Metadata-Version: 2.2
Name: abstract_images
Version: 0.0.0.11
Summary: This module, part of the `abstract_essentials` package, provides a collection of utility functions for working with images and PDFs, including loading and saving images, extracting text from images, capturing screenshots, processing PDFs, and more.
Home-page: https://github.com/AbstractEndeavors/abstract_images
Author: putkoff
Author-email: partners@abstractendeavors.com
License: MIT
Classifier: Development Status :: 3 - Alpha
Classifier: Intended Audience :: Developers
Classifier: License :: OSI Approved :: MIT License
Classifier: Programming Language :: Python :: 3
Classifier: Programming Language :: Python :: 3.11
Requires-Python: >=3.6
Description-Content-Type: text/markdown
Requires-Dist: pyscreenshot>=3.1
Requires-Dist: abstract_utilities>=0.1.7
Requires-Dist: numpy>=1.25.2
Requires-Dist: PyPDF2>=3.0.1
Requires-Dist: setuptools>=66.1.1
Requires-Dist: pdf2image>=1.16.3
Requires-Dist: abstract_gui>=0.0.55.6
Requires-Dist: abstract_webtools>=0.1.0
Requires-Dist: pytesseract>=0.3.10
Provides-Extra: dev
Requires-Dist: pytest; extra == "dev"
Requires-Dist: flake8; extra == "dev"
Requires-Dist: mypy; extra == "dev"
Dynamic: author
Dynamic: author-email
Dynamic: classifier
Dynamic: description
Dynamic: description-content-type
Dynamic: home-page
Dynamic: license
Dynamic: provides-extra
Dynamic: requires-dist
Dynamic: requires-python
Dynamic: summary

## `abstract_images` Module - Image and PDF Utilities

### Part of the `abstract_essentials` Package

**GitHub Repository**: [abstract_essentials](https://github.com/AbstractEndeavors/abstract_essentials/tree/main/abstract_images)  
**Contact Email**: [partners@abstractendeavors.com](mailto:partners@abstractendeavors.com)  
**Date**: 08/27/2023  
**Version**: 0.0.0.1  

This module, part of the `abstract_essentials` package, provides a collection of utility functions for working with images and PDFs, including loading and saving images, extracting text from images, capturing screenshots, processing PDFs, and more.

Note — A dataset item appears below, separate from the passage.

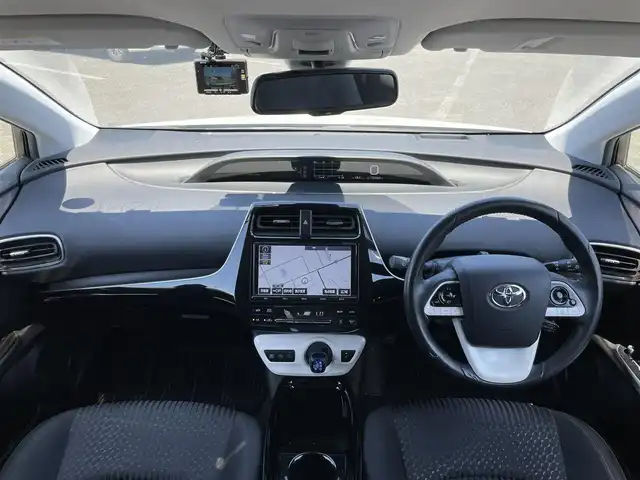 トヨタ プリウス A 道央・札幌 2018(平30)年 15.4万km ホワイトパールクリスタルシャイン 寒冷地仕様/純正ディーラーOPナビ/CD/DVD/BT/フルセグ/プリクラッシュセーフティ/横滑り防止装置/レーダークルーズコントロール/レーンキープアシスト/パーキングセンサー/クリアランスソナー/ブラインドスポットモニター/バックカメラ/ビルトインETC/ドライブレコーダー/HUD/ワイパーデアイサー/EVMODE/DRIVEMODE切替/自動防眩ミラー/革巻きステアリング/ステアリングリモコン/プッシュスタート/スマートキー/LEDヘッドライト/オートライト/オートハイビーム/フォグランプ/電動格納ミラー/ヒーテッドドアミラー/ウィンカーミラー/純正フロアマット/ドアバイザー/社外AW付冬タイヤ積込/（純正ホイールキャップ有）/195/65/R15/2023年/山8mm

### Image Utilities - `image_utils.py`

The `image_utils.py` module contains functions for image-related operations.

#### Paths to Image Data:

- **get_dimensions(image_path: str)**: Return dimensions (height, width) of the image.
- **img_to_str(image_path: str)**: Convert image to text using pytesseract.
- **get_pix(image_path: str)**: Return pixel data of the image.
- **image_to_bytes(image_path: str, format: str = "PNG")**: Convert an image to bytes.
- **get_pixel_data(image_path: str)**: Get pixel data from the image and save the resultant image.
- **open_image(image_path: str)**: Open and return the image using PIL.
- **read_image(image_path: str)**: Read image using OpenCV and return it as a numpy array.

#### Paths to Save:

- **save_url_img(url: str , image_path:str, format: str = "PNG")**: Download an image from URL and save it.
- **screenshot(image_path: str = "screenshot.png")**: Take a screenshot and save it.
- **save_image(image:Union[Image.Image, ndarray], image_path:str,format:str="PNG")**: Save an image to the specified path.

#### Data to Image:

- **get_image_bytes(image_data: bytes)**: Convert image data in bytes format to a BytesIO stream.
- **pix_to_img(pixel_data: List[List[Tuple[int, int, int]]], image_path: str = "image.png")**: Convert pixel data to an image and save it.
- **show_image(image: Union[Image.Image, ndarray])**: Display an image.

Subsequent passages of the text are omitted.